Scraped caption text data:
Start of Block
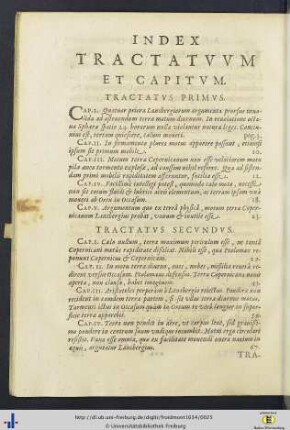 Index Tractatuum Et Capitum.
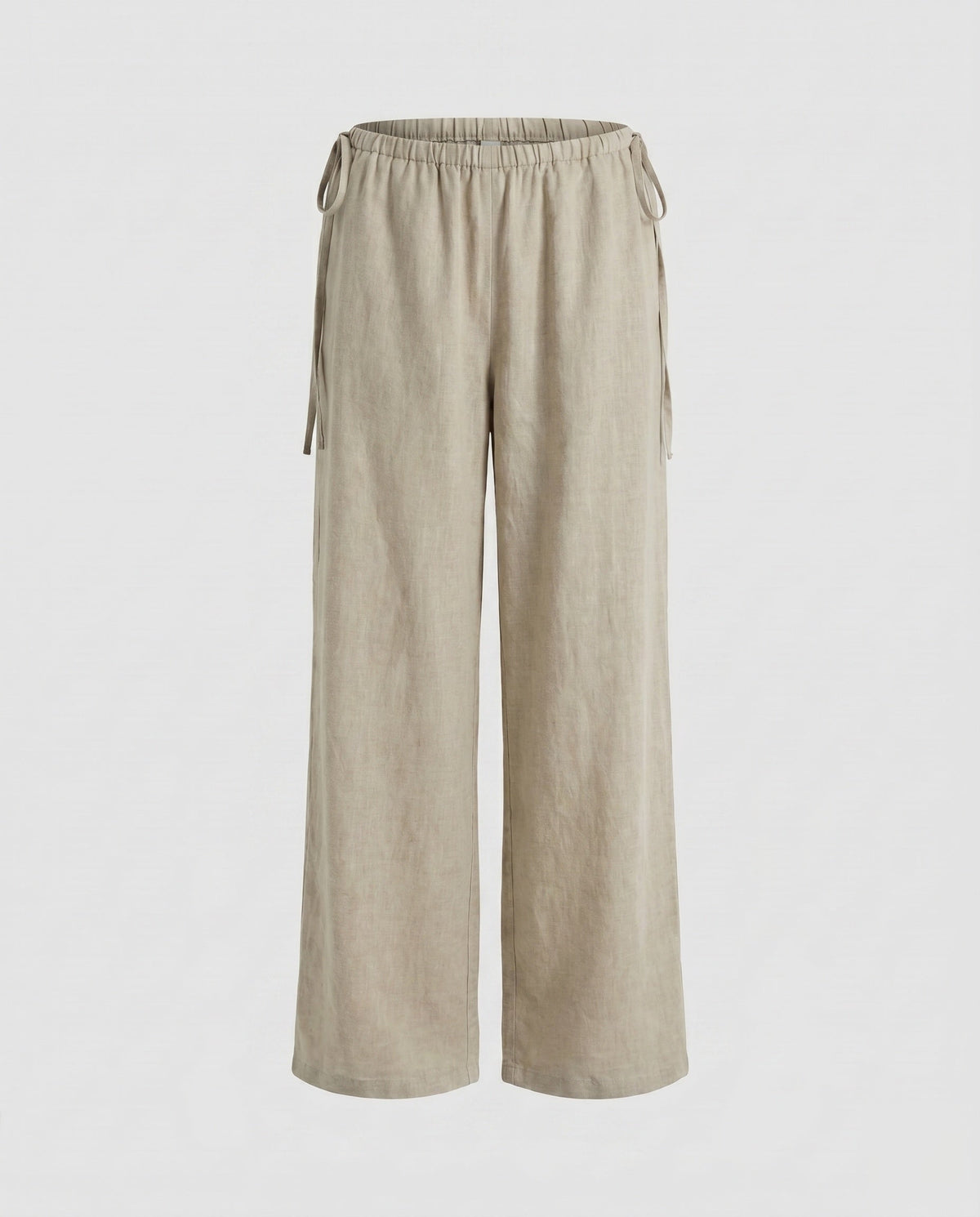 Ladies airy Palazzo pants with elastic waistband and practical pockets - product shot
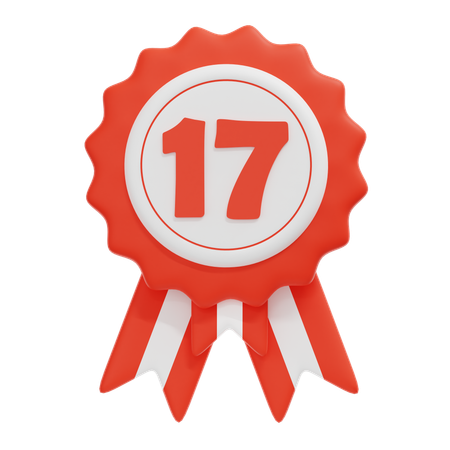 Badge 17 Agustus  3D Icon
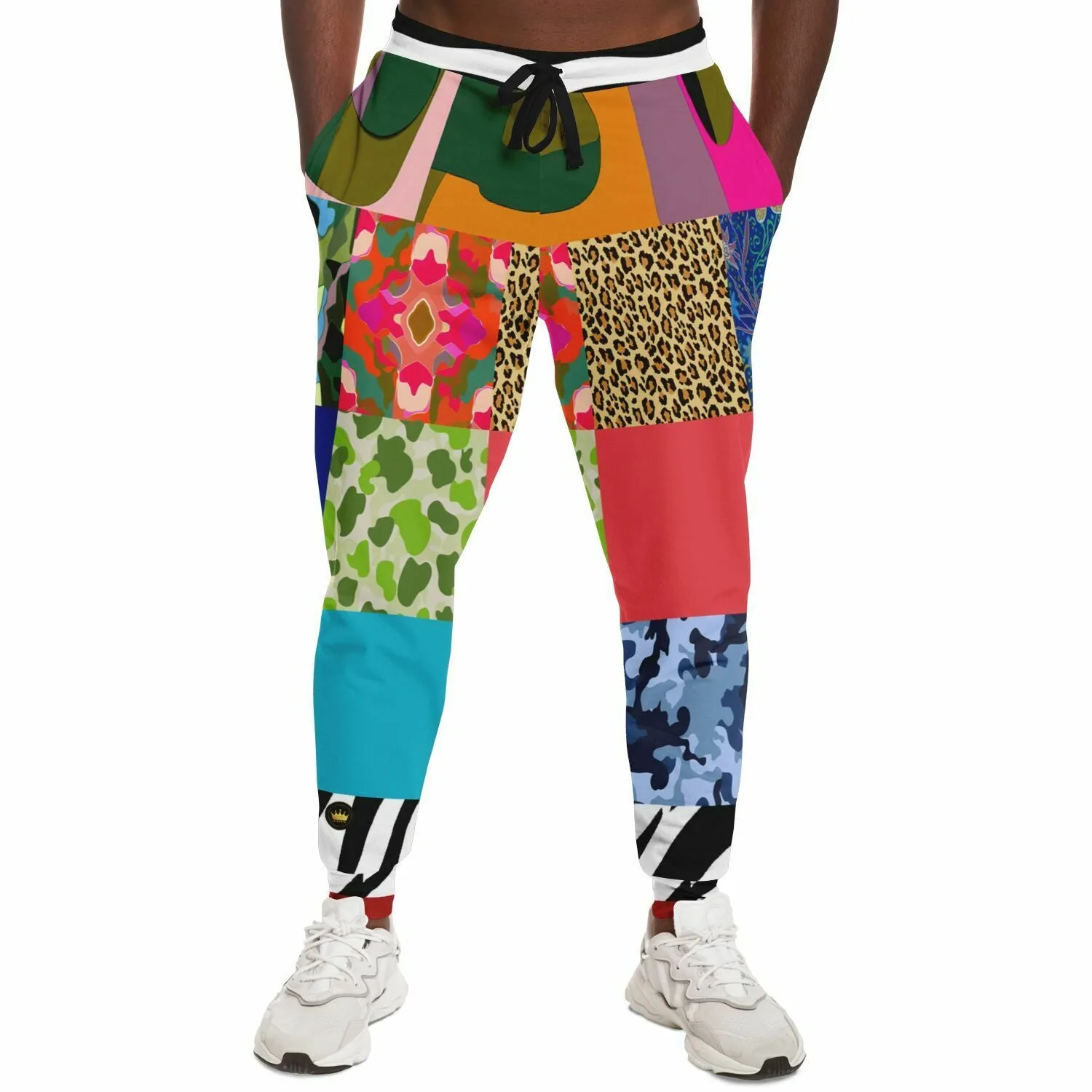 Gypsy Cheetah Multicolor Patchwork Eco-Poly Unisex Joggers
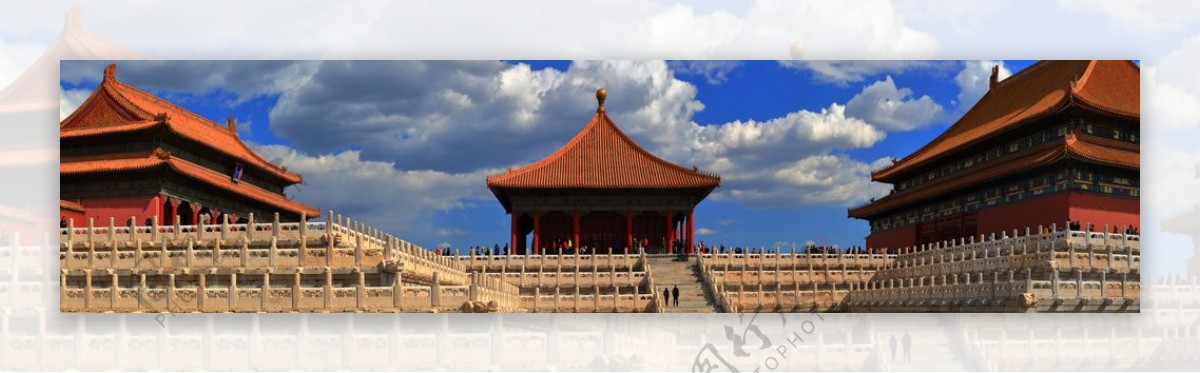 北京故宫宽景照片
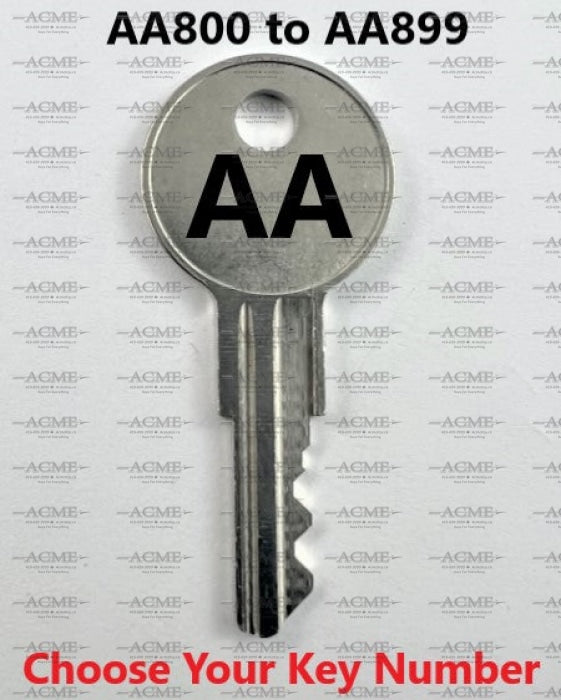AA800 to AA899 Allsteel Replacement Key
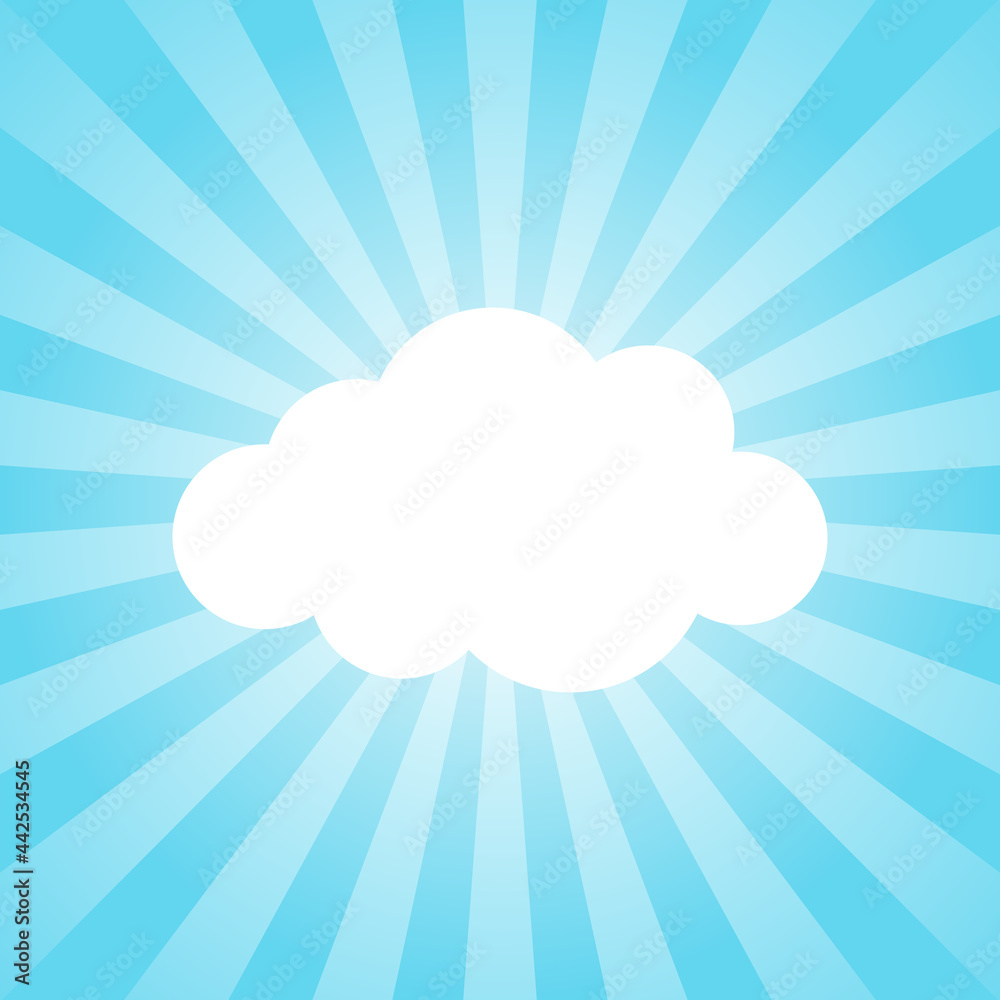 Sunlight retro faded grunge background with white cloud as frame for text. Sunlight retro faded grunge background with white cloud as frame for text.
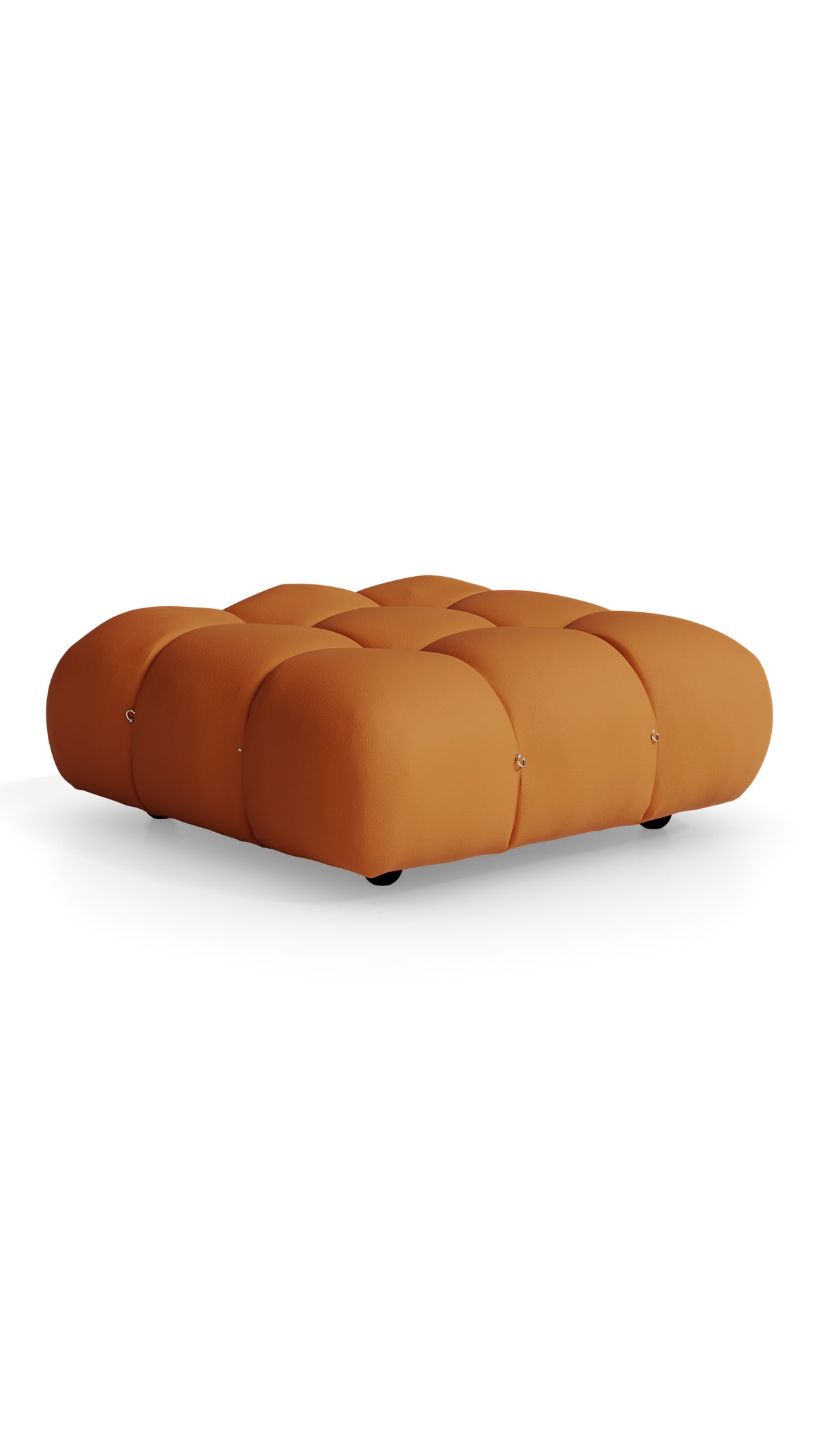 Cuoio Leather Mario Bellini Camaleonda Ottoman reproduction, Caméléonde Ottoman: Square by Archetype Forms, in the USA and Canada - Mobile Hero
End of Block
# What to do
Please repeat the records above exactly, omitting any pictures they contain.

# Response box
 Index Tractatuum Et Capitum.
 Ladies airy Palazzo pants with elastic waistband and practical pockets - product shot
 Badge 17 Agustus  3D Icon
 Gypsy Cheetah Multicolor Patchwork Eco-Poly Unisex Joggers
 北京故宫宽景照片
AA800 to AA899 Allsteel Replacement Key
 Sunlight retro faded grunge background with white cloud as frame for text. Sunlight retro faded grunge background with white cloud as frame for text.
 Cuoio Leather Mario Bellini Camaleonda Ottoman reproduction, Caméléonde Ottoman: Square by Archetype Forms, in the USA and Canada - Mobile Hero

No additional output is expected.